Já o disse, mas repito-o: É esta exposição um filme
de sangue e o respirar de uma casa comum- um regresso à condição, como diria
Aquilino Ribeiro. Os quatro andamentos aqui revelados desvelam uma ficha
antropológica, uma etologia, uma força erótica e um movimento, que, existindo
nesse lugar de nome Aquilino que Óscar Lopes tão bem assinalou, são também
clara conquista expressiva de AlbuQ. Os trabalhos plásticos aqui tornados
presentes, sendo mera possibilidade mostrativa de universo cinco vezes mais lato,
não são univocais, líticos, fechados. Antes criações dinâmicas, vindas de
lugares aquilinianos, aparentemente identificáveis, mas logo totalizadoras e
dialogantes com a enciclopédia de cada um, com as específicas gramáticas do
mundo de cada indivíduo. Todos estamos implicados neste universo aparentemente
desaparecido mas ressonante no sangue, como se todos estivéssemos dentro de uma
mesma casa.
Possam pois os espectadores agir emancipadamente,
sem quaisquer linhas virtuosas de leitura, para uma interação que a todos
convém.

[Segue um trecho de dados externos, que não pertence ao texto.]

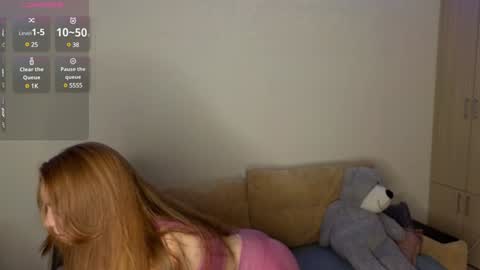 Snapshot of nirvanatwo chatting on 01.04.25 Lynn online show from 01.04.25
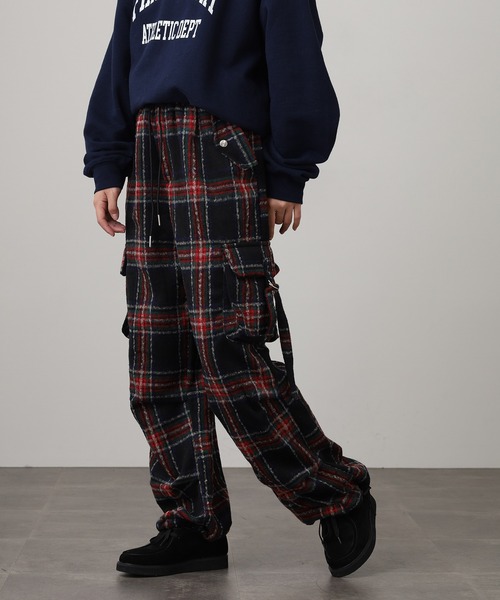 .WORKS(ドットワークス)の「.works 紡毛タータンチェックカーゴパンツ(カーゴパンツ・レディース・ブラック/レッド/ダークブラウン・M)」の8枚目の写真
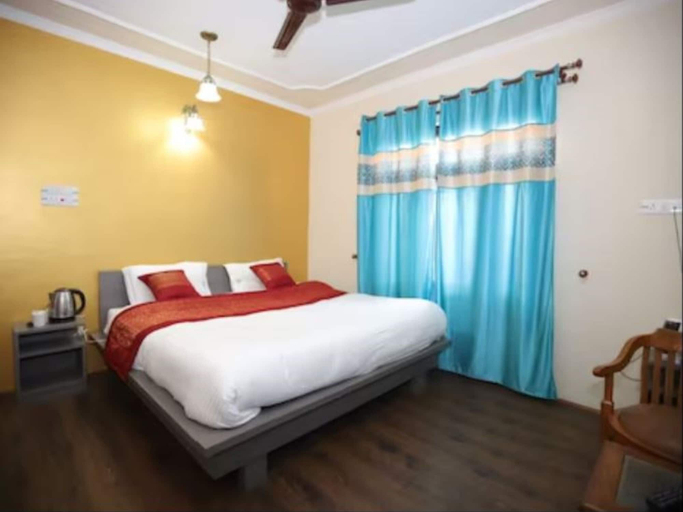 Bedroom 3, Northland Residency Hotel, Srinagar
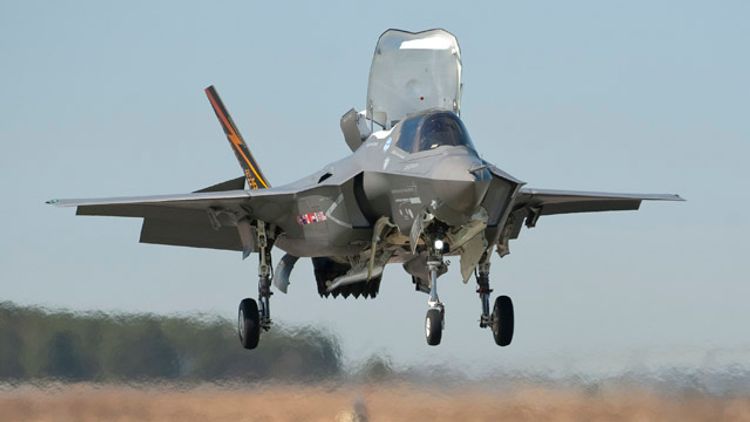 F-35B Lightning II erste senkrechte Landung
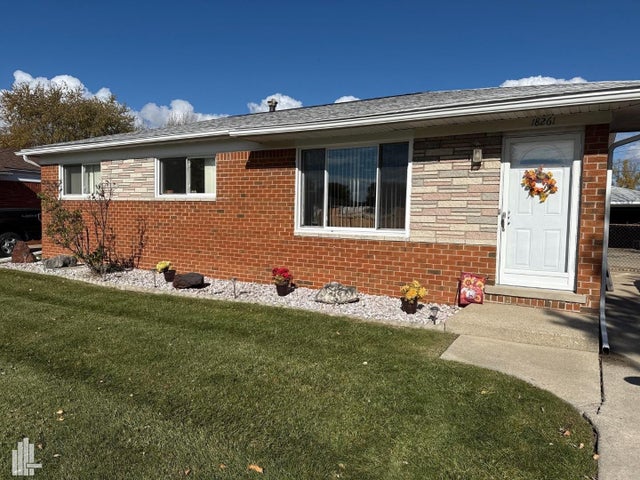 18261 Whitmore, Clinton charter township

Aquilino é brilho, vitalismo e movimento transbordante, mesmo que
pontualmente a vida levasse o Mestre a uma certa descrença – lembro, por
exemplo, aquele ano de 1920 em que Aquilino, em carta a Álvaro Pinto[1],
confidencia: «A vida aqui tornou-se insuportável; insuportável para mim e
mormente para mim vilipendiado como me sinto. […] A literaturasinha nacional
cada vez mais trôpega, de resto como tudo. Isto tornou-se um inferno. V. é
feliz em estar longe. A única solução dum homem honesto e digno é fugir». Nunca
esta frustração, de sabor tão moderno, povoou, no entanto, a obra literária de
Aquilino e, em propriedade, o que sempre ressuma é uma indesmentível força
vital.
Força essa que, diga-se, uma outra «central de
energia» de nome Albuq, qual cadáver adiado procriando, retomou e para nós
baralhou sob o preceito da ambiguidade produtiva. Aliás, estas albuquianas
«inscrituras» servem para nos descobrirmos nas incisões que repetem, como no
poema de valter hugo mãe, uma incrível relação:
aos
traços
traço
a traço
envelheci
tenho
os desenhos
servem
para alcançar o
tempo
do mundo
incrível
idade do artista.[2]
Assim Pedro
Albuquerque no tempo do mundo, dando-se, incrivelmente dando-se! Friso, e já o
tinha dito a um bom par de amigos, dormindo com deus e um navio na língua, para
repetir uma belíssima intitulação de Eduardo White[3],
Pedro Albuquerque, o velho e defunto AlbuQ procriante, é assim um cineasta[4]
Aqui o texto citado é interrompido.